CNN: How was it for you to perform on "Saturday Night Live"?
Miller: I didn't want to do "SNL," but we couldn't say no. You're a total a**hole if you turn it down. The only reason not to do it would be fear of failure. Like I said before, I know failure very well. I don't want to get into it, but I was particularly unimpressed by our performance. I watched it once and I'll never watch it again. But "SNL" was an incredible experience.
CNN: How did opening for the Red Hot Chili Peppers on tour come about?

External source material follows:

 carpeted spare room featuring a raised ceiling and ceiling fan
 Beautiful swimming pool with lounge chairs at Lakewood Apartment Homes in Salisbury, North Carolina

Miller: Flea came out to a show in New York City and somebody introduced him to me. He was like, hey, I'm Flea. I obviously knew who he was. He was incredibly nice and he was like, would you guys be interested in playing shows with my band? I was like, you mean the Red Hot Chili Peppers? Sure! It was literally that simple. There was no politicking, no agents or anything. It was just dude to dude. I really appreciated that. I think they're all going to be really great people and I'm pretty psyched on it. They're one of the biggest touring bands on Earth, which is a strange sentence. They're, like, top two or three on the planet. I'm interested to see how a production like that works.